Work order: The expected answer is the data below, printed verbatim without its pictures.

Collected data:
▼▼▼
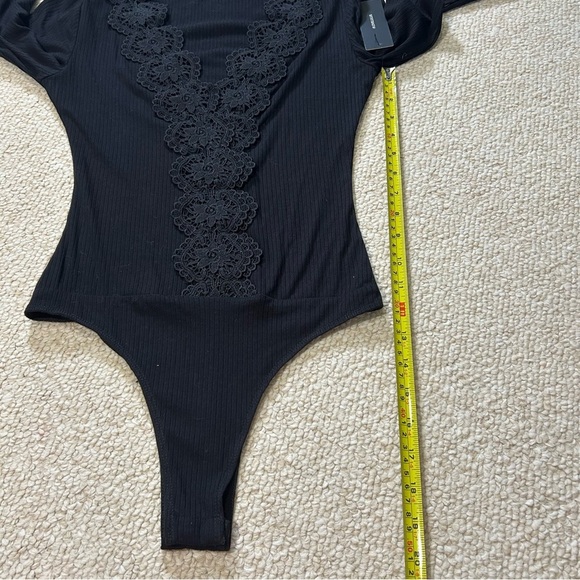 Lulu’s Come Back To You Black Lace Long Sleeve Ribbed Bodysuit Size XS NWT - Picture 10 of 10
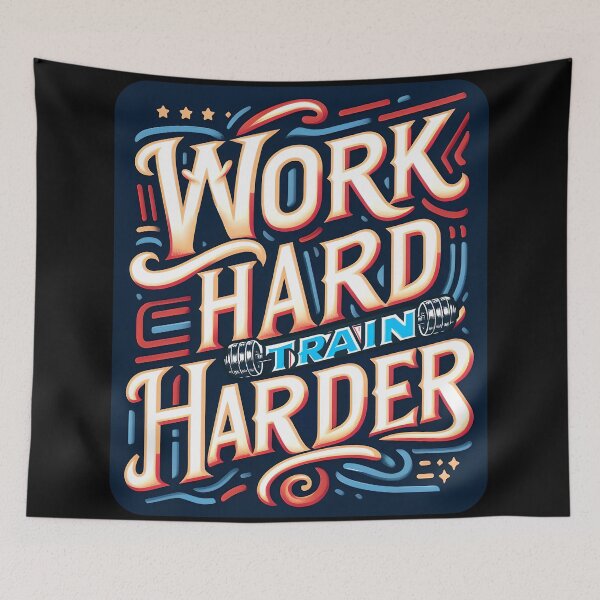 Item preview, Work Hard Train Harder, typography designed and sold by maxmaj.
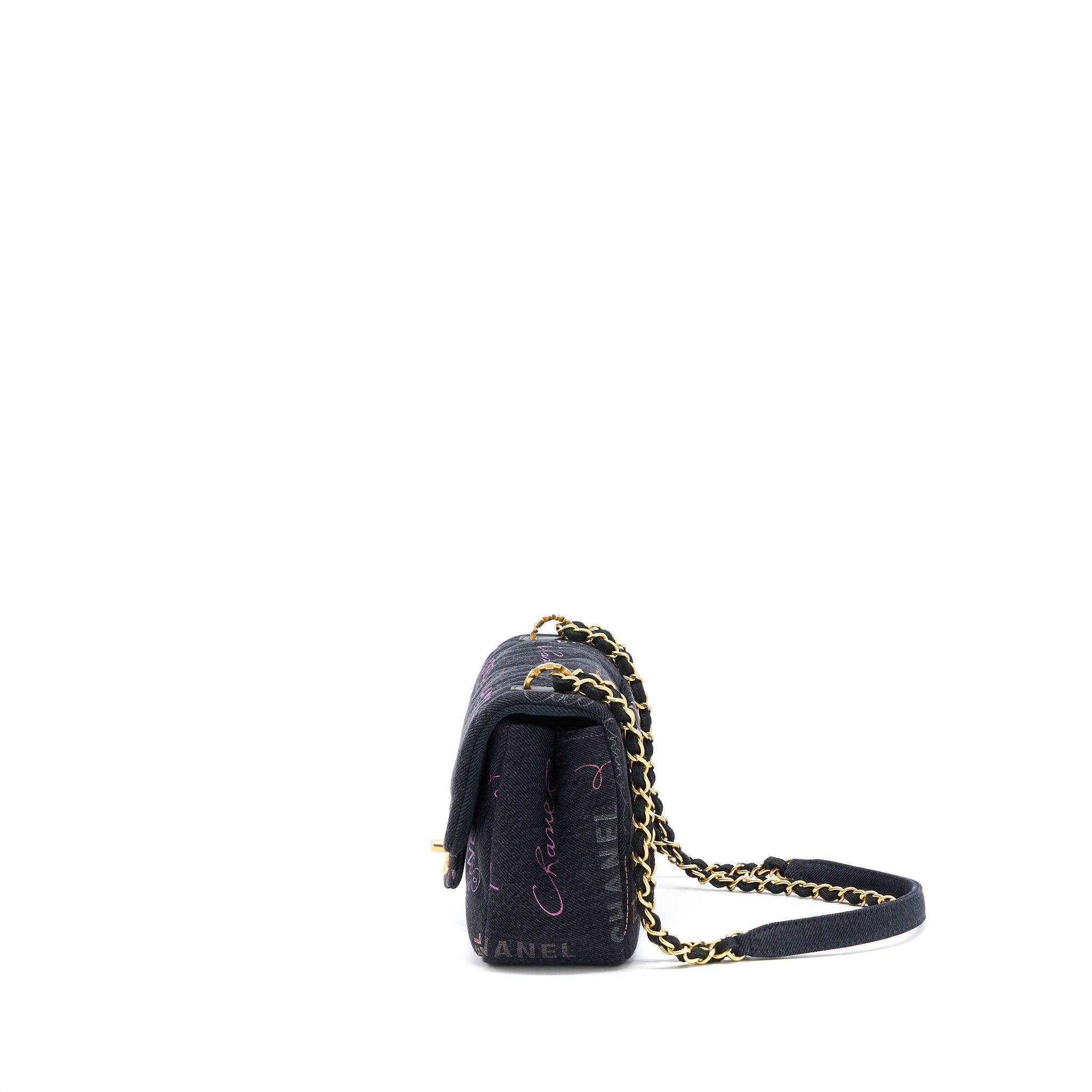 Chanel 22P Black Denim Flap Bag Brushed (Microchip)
▲▲▲
Answer area:
 Lulu’s Come Back To You Black Lace Long Sleeve Ribbed Bodysuit Size XS NWT - Picture 10 of 10
 Item preview, Work Hard Train Harder, typography designed and sold by maxmaj.
 Chanel 22P Black Denim Flap Bag Brushed (Microchip)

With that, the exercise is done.